Socialism for today

by Robin Thorpe

“It is necessary and possible to create an altogether different society in Britain, a society whose organising principles will be co-operation, fellowship, democracy and egalitarianism…a society free from every form of domination and exploitation, of class, of sex and of race”.

That statement is hard to argue with. However, when one realises that these are the words of Ralph Miliband speaking at a socialist conference in the mid 1980s, then the statement becomes more controversial. Following 30 years of neo-liberal dogma and 60 years of anti-communist propaganda, the term socialism carries such pejorative connotations that no mainstream politician would dare mention it. Yet I think that the core of socialist philosophy has a lot to offer contemporary society even if the methods of implementing such a paradigm shift have yet to be determined.

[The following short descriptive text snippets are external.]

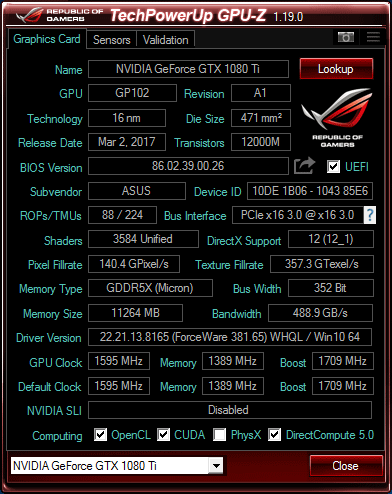 ASUS ROG-STRIX-GTX1080TI-O11G-GAMING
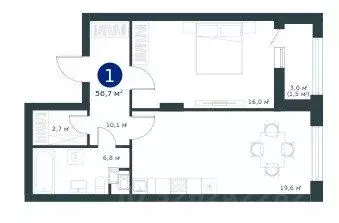 2-к кв. Воронежская область, Воронеж ул. Ворошилова, 19 (56.8 м) - Фото 1
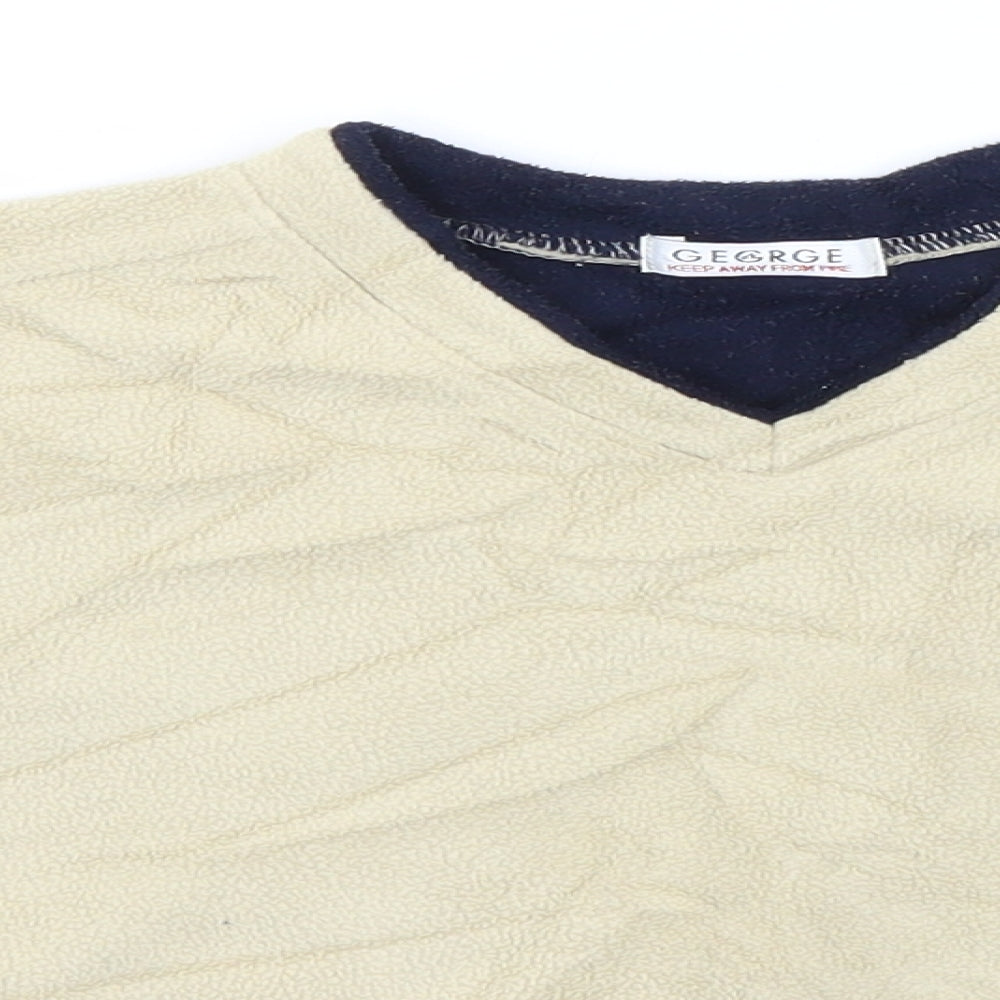 Close-up detail of George boys’ green v-neck polyester jumper, size 2-3, years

The three principles of socialist international are freedom, justice and solidarity. They define the goal of democratic socialism as “to achieve a peaceful world where these basic values can be enhanced and where each individual can live a meaningful life with the full development of his or her personality and talents and with the guarantee of human and civil rights in a democratic framework of society”. The fundamental difference between the various political groups is the emphasis on individual and collective rights. Liberalism and its modern mutation neo-liberalism value individual freedom over justice and solidarity; by contrast the communist movements claimed to have created an equal society but sacrificed individual freedom. The conservative right espouses both stronger communities (in a nostalgic, village green kind of way) and the freedom of the individual. During the 80s the Conservative government even started their very own revolution; a revolution of ideas that has all but removed the notion of “class” from public discourse.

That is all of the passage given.